De rechtbank heeft terecht geoordeeld dat appellante de op grond van artikel 12 van de TW op haar rustende inlichtingenplicht heeft geschonden door geen opgave te doen van haar huwelijk [in] 2016 en dat het haar, gelet op het inkomen van haar echtgenoot, redelijkerwijs duidelijk had kunnen zijn dat dit van invloed zou zijn op de hoogte van de toeslag. De overwegingen hierover van de rechtbank worden onderschreven. Hieraan wordt het volgende toegevoegd.
4.4.
Uit de registratie van een telefoongesprek tussen appellante en het KCC van het Uwv van 16 augustus 2016 is enkel komen vast te staan dat appellante telefonisch contact heeft opgenomen met het Uwv en dat een medewerker van het KCC een standaardantwoord heeft gegeven op de vraag in welke gevallen appellante een wijziging moet doorgeven. Bij dit antwoord is onder meer aan appellante meegedeeld dat wijziging in leefvorm en wijziging in het inkomen van de partner moeten worden doorgegeven. Uit de registratie is niet af te leiden dat appellante heeft doorgegeven dat zij zou gaan trouwen en dat haar vervolgens zou zijn meegedeeld dat dit geen consequenties heeft voor haar toeslag. Een medewerker van het KCC heeft nog opgemerkt dat, mocht een belangrijke mededeling zijn gedaan, daarvan een notitie zou moeten zijn. Daarvan is niet gebleken. In wat appellante heeft aangevoerd, is geen aanleiding om te twijfelen aan de door het Uwv ingebracht telefoonregistratie. De stelling van appellante dat het Uwv moet uitgaan van de door appellante gestelde inhoud van het telefoongesprek wordt dan ook niet gevolgd. Dat het Uwv heeft besloten aan appellante geen boete op te leggen, maakt dat niet anders.
4.5.
Appellante wordt niet gevolgd in haar stelling dat de overweging in het bestreden besluit met betrekking tot de zogenoemde zesmaandenjurisprudentie niet juist is. Het Uwv heeft in het bestreden besluit, onder verwijzing naar de relevante wet- en regelgeving, terecht opgemerkt dat de zesmaandenjurisprudentie niet geldt bij een verplichte terugvordering, zoals hier aan de orde is.
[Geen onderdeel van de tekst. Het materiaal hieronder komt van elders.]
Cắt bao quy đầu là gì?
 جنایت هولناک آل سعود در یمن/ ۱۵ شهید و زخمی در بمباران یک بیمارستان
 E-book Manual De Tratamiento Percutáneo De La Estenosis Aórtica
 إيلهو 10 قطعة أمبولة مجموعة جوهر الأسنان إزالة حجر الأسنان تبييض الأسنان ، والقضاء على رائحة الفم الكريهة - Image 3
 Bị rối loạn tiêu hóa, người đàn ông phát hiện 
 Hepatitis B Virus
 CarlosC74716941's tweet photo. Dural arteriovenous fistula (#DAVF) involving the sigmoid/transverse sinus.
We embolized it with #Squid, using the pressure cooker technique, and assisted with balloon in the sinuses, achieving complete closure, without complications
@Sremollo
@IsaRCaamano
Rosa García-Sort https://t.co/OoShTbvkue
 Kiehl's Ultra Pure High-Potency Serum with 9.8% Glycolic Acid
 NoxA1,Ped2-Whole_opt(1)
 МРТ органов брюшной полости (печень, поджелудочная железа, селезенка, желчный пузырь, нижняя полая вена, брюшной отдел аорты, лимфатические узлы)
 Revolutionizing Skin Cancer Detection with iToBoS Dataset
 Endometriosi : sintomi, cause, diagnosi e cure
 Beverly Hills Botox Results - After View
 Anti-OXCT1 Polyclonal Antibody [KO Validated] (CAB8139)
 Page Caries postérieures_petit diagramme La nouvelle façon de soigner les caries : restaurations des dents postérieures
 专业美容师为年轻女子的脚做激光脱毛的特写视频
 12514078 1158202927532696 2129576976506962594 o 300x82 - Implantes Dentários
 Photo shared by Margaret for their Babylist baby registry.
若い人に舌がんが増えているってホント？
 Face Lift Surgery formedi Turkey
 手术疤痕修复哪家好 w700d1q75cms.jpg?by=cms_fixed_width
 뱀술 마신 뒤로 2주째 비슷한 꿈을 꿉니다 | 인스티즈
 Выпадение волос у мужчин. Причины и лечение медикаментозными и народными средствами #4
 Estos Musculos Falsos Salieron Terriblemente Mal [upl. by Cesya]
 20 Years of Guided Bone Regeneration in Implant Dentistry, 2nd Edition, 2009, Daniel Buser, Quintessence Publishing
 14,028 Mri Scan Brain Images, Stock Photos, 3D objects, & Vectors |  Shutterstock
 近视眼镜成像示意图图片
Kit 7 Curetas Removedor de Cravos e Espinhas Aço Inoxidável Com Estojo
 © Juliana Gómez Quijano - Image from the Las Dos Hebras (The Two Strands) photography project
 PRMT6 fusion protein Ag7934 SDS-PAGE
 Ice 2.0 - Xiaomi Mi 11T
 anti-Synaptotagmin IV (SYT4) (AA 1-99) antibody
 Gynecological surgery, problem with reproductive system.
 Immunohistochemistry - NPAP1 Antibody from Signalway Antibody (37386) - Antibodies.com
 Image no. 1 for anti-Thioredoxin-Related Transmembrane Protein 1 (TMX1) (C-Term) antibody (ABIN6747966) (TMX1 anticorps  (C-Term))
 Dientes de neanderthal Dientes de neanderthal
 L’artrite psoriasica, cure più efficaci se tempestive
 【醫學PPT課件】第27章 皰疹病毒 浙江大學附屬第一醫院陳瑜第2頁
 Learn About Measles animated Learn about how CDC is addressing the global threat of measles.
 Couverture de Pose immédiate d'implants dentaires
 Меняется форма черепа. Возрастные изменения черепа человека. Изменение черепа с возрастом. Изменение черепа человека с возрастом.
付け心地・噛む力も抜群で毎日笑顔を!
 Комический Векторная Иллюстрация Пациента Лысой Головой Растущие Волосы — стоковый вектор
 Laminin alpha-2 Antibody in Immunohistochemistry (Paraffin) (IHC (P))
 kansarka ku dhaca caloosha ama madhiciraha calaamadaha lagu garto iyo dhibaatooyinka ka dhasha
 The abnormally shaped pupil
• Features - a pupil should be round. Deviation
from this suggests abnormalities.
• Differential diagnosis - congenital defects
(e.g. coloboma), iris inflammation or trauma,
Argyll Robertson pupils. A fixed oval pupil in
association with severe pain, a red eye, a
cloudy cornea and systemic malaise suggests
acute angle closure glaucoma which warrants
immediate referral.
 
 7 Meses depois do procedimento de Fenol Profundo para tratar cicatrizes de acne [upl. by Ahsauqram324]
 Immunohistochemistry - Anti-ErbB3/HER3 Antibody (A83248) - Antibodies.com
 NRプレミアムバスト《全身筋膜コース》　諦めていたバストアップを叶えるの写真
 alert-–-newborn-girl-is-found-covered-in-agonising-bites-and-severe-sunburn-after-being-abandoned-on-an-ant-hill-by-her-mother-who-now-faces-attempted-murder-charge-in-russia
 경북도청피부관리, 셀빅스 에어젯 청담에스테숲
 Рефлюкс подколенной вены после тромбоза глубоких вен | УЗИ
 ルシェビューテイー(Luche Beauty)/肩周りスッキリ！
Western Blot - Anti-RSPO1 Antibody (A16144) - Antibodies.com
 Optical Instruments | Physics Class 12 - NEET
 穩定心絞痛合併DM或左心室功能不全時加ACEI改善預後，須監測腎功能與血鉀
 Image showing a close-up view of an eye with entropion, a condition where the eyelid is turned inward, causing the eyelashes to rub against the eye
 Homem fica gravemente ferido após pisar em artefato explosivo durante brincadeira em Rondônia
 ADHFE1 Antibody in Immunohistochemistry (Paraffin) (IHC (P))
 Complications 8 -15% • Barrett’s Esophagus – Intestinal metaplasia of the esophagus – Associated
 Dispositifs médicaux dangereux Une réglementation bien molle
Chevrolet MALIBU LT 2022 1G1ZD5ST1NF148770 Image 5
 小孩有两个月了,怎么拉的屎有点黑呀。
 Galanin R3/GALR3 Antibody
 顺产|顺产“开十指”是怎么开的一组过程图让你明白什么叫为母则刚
5. Voor een veroordeling in de proceskosten bestaat geen aanleiding.

BESLISSING

De Centrale Raad van Beroep bevestigt de aangevallen uitspraak.
Deze uitspraak is gedaan door M.E. Fortuin, in tegenwoordigheid van M. Géron als griffier. De beslissing is uitgesproken in het openbaar op 27 januari 2021.